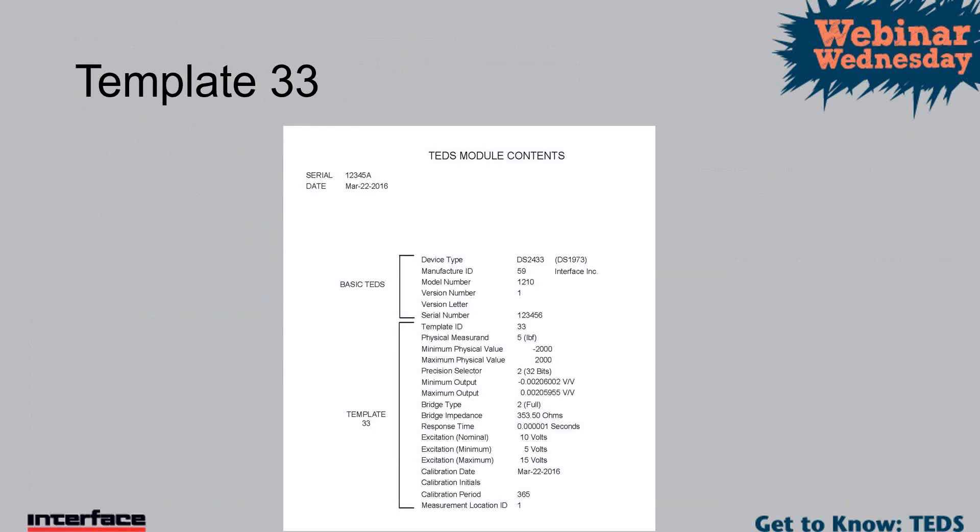Here's one. What is the transmission rate, i.e., how long does it take to query the template 33 data and transmit it? Is that pretty readily available? It really depends on the speed of the processor that's in the device. As I said, there's only, with using the basic TEDS and template 33, there's less than 400 bits of information. So it happens really quick. I don't ever foresee, yeah, we're talking maybe a microsecond or two at that point.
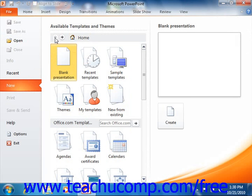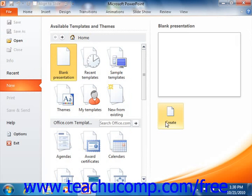If you simply wanted to create a new blank presentation, select the blank presentation icon from the available template section. Then click the Create button in the lower right corner of this window.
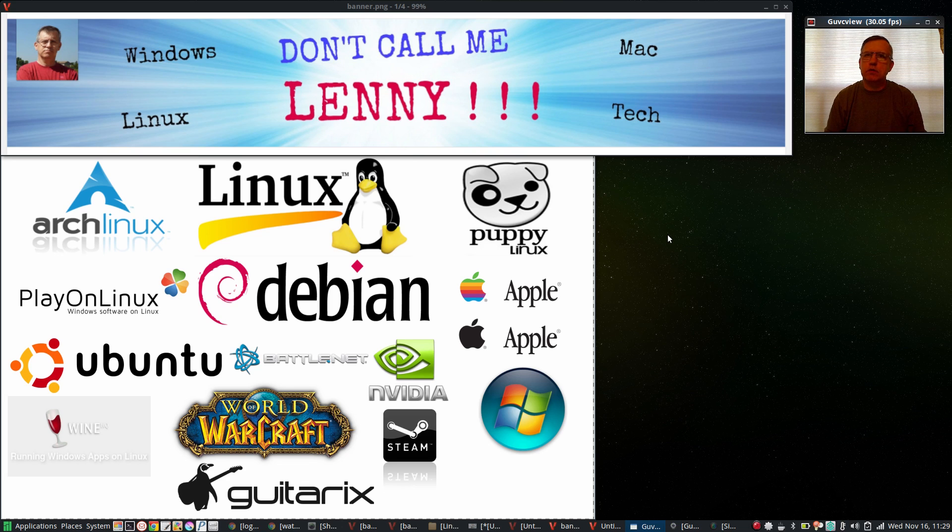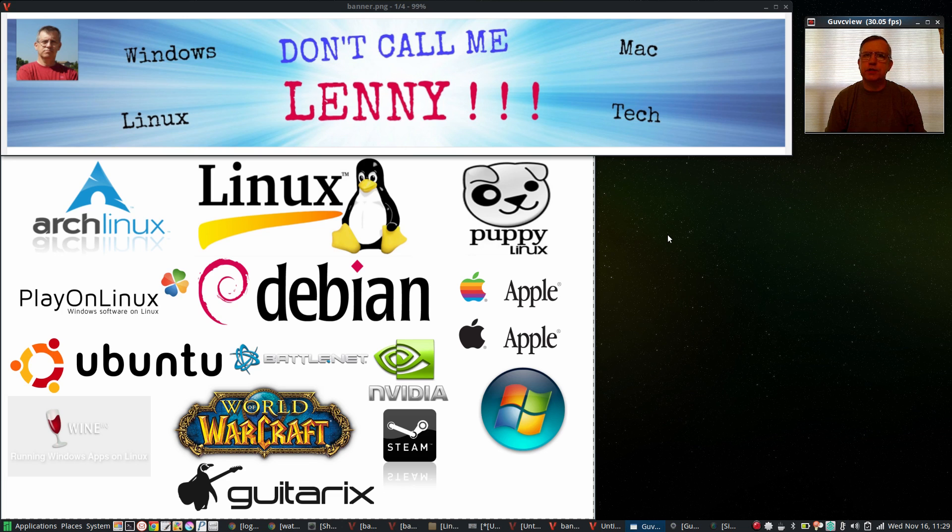As you can see by the logos, we have a little something for everyone. You'll see a broad range of technology videos from Linux reviews and installations along with application reviews.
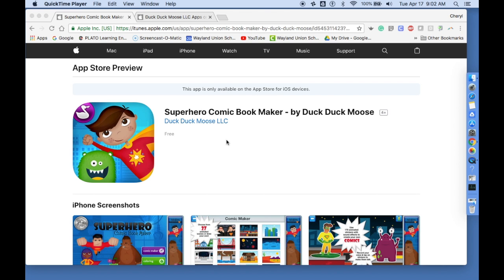I love the idea of using comic books for students to be able to share their voice and creativity with you. They can showcase what they're learning in a fun way.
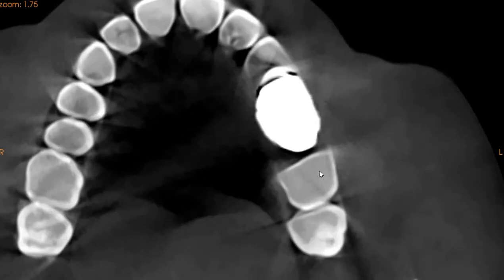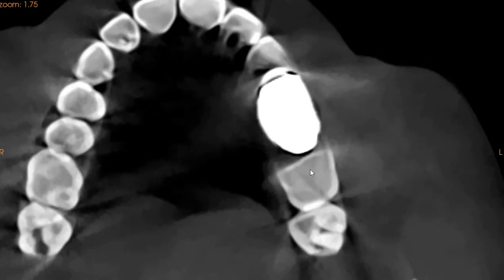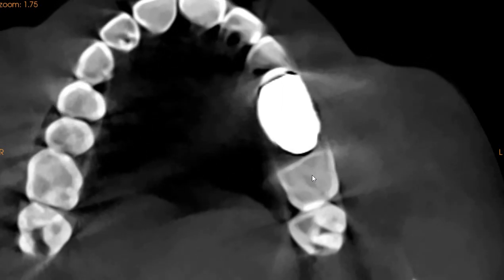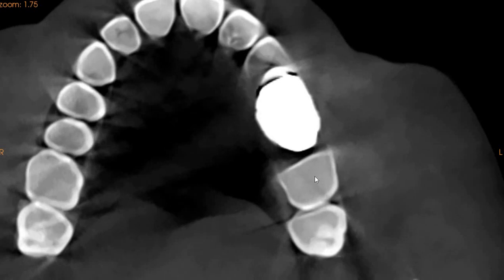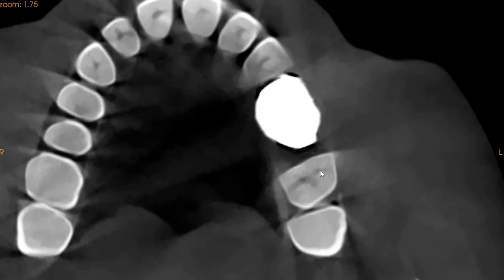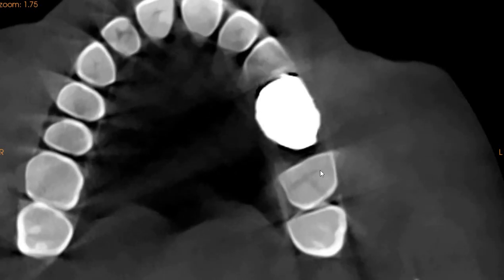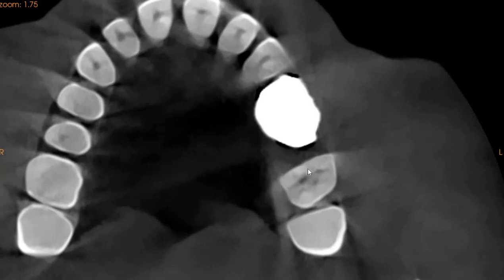This is where the lesion is — right there. It gets slightly closer to the pulp, so it could be the reason for her pain, but clinical correlation is definitely advised. Thank you very much.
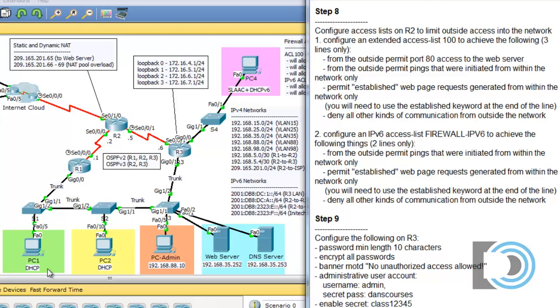This is part 12. In part 12, we're going to go through step 8 in this packet tracer activity that I created for my students. You can download this activity at my website at DansCourses.com. In step 8, we deal with access lists. Let's look at the instructions.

::::::

Set down each line of the material exactly and skip every image.

Here's one. What is the transmission rate, i.e., how long does it take to query the template 33 data and transmit it? Is that pretty readily available? It really depends on the speed of the processor that's in the device. As I said, there's only, with using the basic TEDS and template 33, there's less than 400 bits of information. So it happens really quick. I don't ever foresee, yeah, we're talking maybe a microsecond or two at that point.
If you simply wanted to create a new blank presentation, select the blank presentation icon from the available template section. Then click the Create button in the lower right corner of this window.
As you can see by the logos, we have a little something for everyone. You'll see a broad range of technology videos from Linux reviews and installations along with application reviews.
I love the idea of using comic books for students to be able to share their voice and creativity with you. They can showcase what they're learning in a fun way.
This is where the lesion is — right there. It gets slightly closer to the pulp, so it could be the reason for her pain, but clinical correlation is definitely advised. Thank you very much.
This is part 12. In part 12, we're going to go through step 8 in this packet tracer activity that I created for my students. You can download this activity at my website at DansCourses.com. In step 8, we deal with access lists. Let's look at the instructions.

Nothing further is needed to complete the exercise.